The Senate bill consolidates federal transportation programs from about 90 to fewer than 30, streamlines the environmental approval process to help projects finish faster and takes steps to encourage more private investment.
The bill also requires safety standards for transit systems for the first time.
“We have federal safety standards for planes, trains and automobiles. We need them for transit systems like Washington’s Metro,” Sen. Barbara Mikulski (D-Md.) said. “I will keep pushing forward on reforming Metro until it’s safe for the people who work on it and the people who ride on it.”
The Senate bill provides no long-term solution to the widening gap between Highway Trust Fund revenue and the needs of the country’s crumbling infrastructure. It transfers $3.7 billion from a trust fund for leaking underground storage tanks and adds $2.8 billion by ending a tax credit for making paper.
American Association of State Highway and Transportation Officials (AASHTO) Executive Director John Horsley issued a statement, saying, "Members of the U.S. Senate are to be commended today, for their strong, bipartisan, passage of S. 1813—a multiyear, $109 billion surface transportation reauthorization bill that sustains highway and transit funding at current levels. This important accomplishment could not have been achieved without the leadership of Sens. Barbara Boxer (D-Calif.) and James Inhofe (R-Okla.), the Senate Environment and Public Works Committee chairman and ranking member, respectively; and Sens.
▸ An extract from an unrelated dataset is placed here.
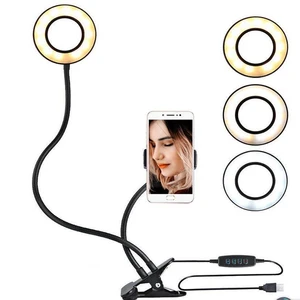 multi functional flexible hose live support desktop phone holder with adjustable switch fill led light free global shipping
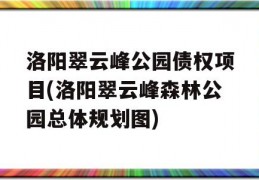 洛阳翠云峰公园债权项目(洛阳翠云峰森林公园总体规划图)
Max Baucus (D-Mont.) and Orrin Hatch (R-Utah), the Senate Finance Committee chairman and ranking member, respectively."
"Their bipartisan approach helped set a path forward for this bill that not only provides a greater degree of funding certainty for states, it also establishes reforms that will streamline project delivery, consolidate programs and improve performance reporting and accountability."
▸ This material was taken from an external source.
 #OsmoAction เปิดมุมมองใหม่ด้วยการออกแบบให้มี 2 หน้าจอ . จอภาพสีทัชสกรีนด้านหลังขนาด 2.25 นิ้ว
Horsley said another short-term extension of the previous transportation authorization would be necessary to "give Congress time to reach agreement on a final bill that everyone agrees is important to America."
American Road & Transportation Builders Association (ARTBA) President & CEO Pete Ruane issued this statement:
"Today's overwhelming 74-to-22 vote in favor of the highway and transit investment bill is proof that bipartisanship is still alive in the Senate and that Republicans and Democrats can find common ground on important policy issues that impact most Americans.
"We thank Senators Boxer (D-Calif.), Inhofe (R-Okla.), Baucus (D-Mont.) for their steadfast leadership in getting the job done, and all of the senators who supported the measure.
"The bill's provisions to maintain highway and transit investment levels, including adjustments for inflation, will help provide stability for the transportation construction market in the immediate future.
"The legislation also features a host of critical reforms ARTBA has advocated for years to speed delivery of transportation projects, build accountability in order to meet national goals, and provide greater flexibility to states in addressing their infrastructure needs.
"With the construction industry reeling from an unemployment rate that is more than double the national average, time is of the essence. It's imperative that the House complete action on its surface transportation bill when it reconvenes the week of March 19 so that a conference committee can reconcile the differences and get a final measure to President Obama as soon as possible."